Our grandparents and great grandparents had wartime versions of Victory Gardens that served them well and helped their families thrive in uncertain times. The government endorsed these efforts and more before industrialized farming took over.
Lately we are hearing more and more about “Victory Gardens,” and I expect that will only gain momentum. For a variety of good reasons, everyone seems to be rediscovering the appeal of growing food and maybe tip-toeing into sustainability.
I love this!
But…
I also see the idea ballooning in such a way that people are becoming discouraged almost as soon as they feel inspired. Lots of people are also beginning their adventure from a place of absolute terror.
In an environment of fear over rising food prices and broken supply chains, it’s easy to let something as natural and beautiful as home gardening fall into the category of obligation, panic, and unrealistic standards for success.
Let’s fix that.
Right here, today, with just a mindset shift, let’s reset.

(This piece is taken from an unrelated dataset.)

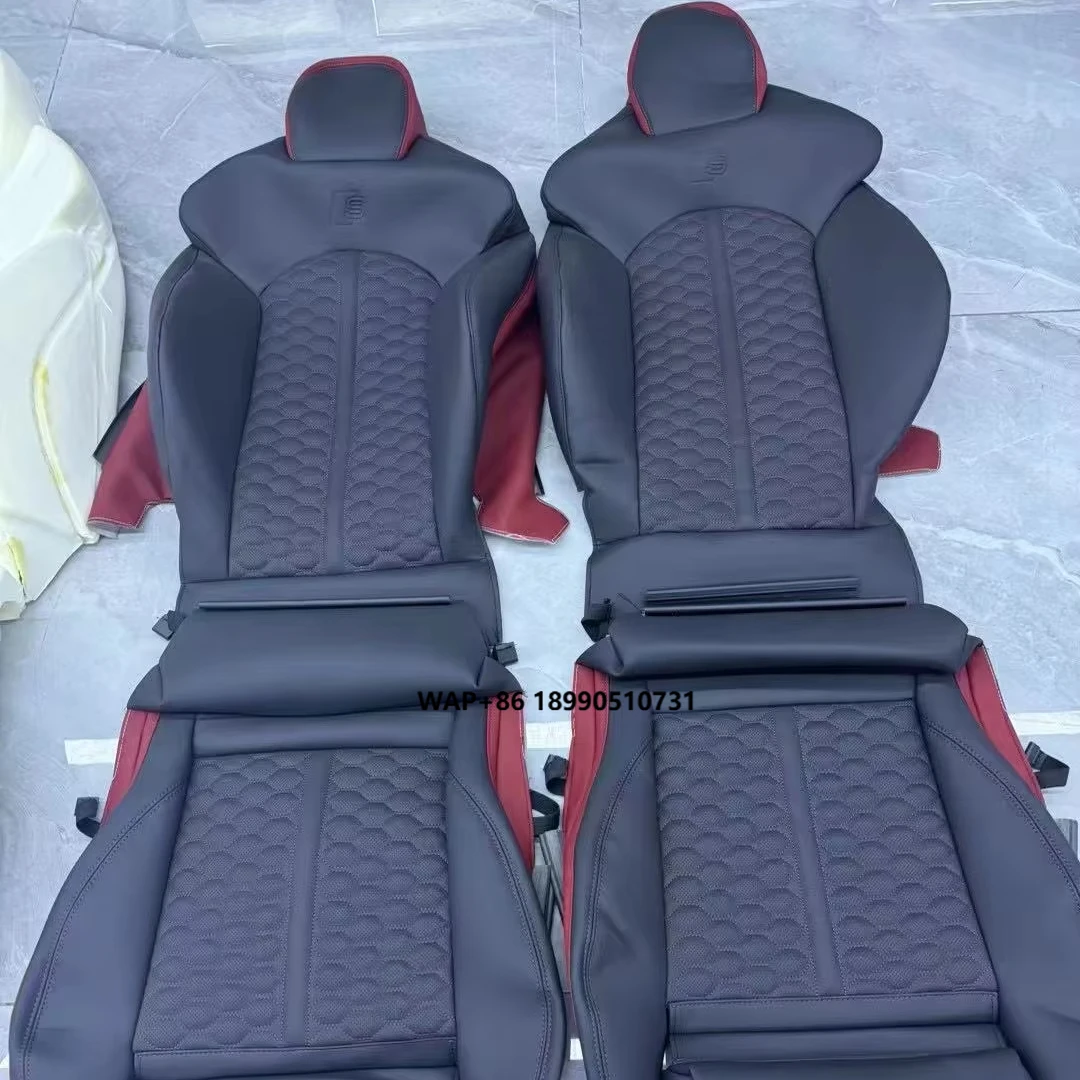 Car Interior Accessory Bucket Sports Seats Custom Cushion Leather Cover Sport Racing Seat for RS A4 A5 A6 A7 Q3 Q5L Q8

Before we write a single letter to a single lawmaker or even before we spend one dollar on grow lights or join any online forums trying to learn it all in one day, let’s rethink what a Victory Garden could possibly be, for you.
Victory could look like adding beauty, fragrance, creativity, and dimension to your life. Victory could be saving money by growing fancy herbs and better ingredients, just a little bit here and there. Victory might include just occasionally stepping aside from the bizarre supply chains we have created for ourselves or cultivating small, meaningful skills that build and compound on themselves every year. No need to be perfectly successful on your first try. Everyone fails. A lot.
Maybe victory for you would be making memories with your children and helping them see the natural world as a source of beauty and pleasure, and then one day helping them install their own gardens. Victory could be growing chemical free food more often, while at the same time rejecting stress and guilt over still buying average stuff from the store. It’s fine! Mix it up! You garden can be a supplement way before it is a substitute.
Victory is certainly discovering new ways to enhance your outdoor space, discovering a new hobby that keeps your body lifting and stretching and breathing fresh air, keeping your eyes off of electronics for a slice of each day. Victory is blanketing the earth with more trees, flowers, mulch, and foods. Victory is attracting and feeding all kinds of pollinators and wildlife. A very beautiful Victory Garden is one that encourages diversity.
Victory might be witnessing and immersing ourselves in the intricate, powerful, unstoppable Cycle of Life, participating in the seasons instead of complaining about them, being swept up in the life affirming wealth of daylight and the nitrogen rich snow and rainfall. Victory is learning to use kitchen scraps to feed your garden rather than overstuff the landfill. Victory is being part of the solution, in your own way, in your own time, with joy and freedom and confidence, rejecting fear.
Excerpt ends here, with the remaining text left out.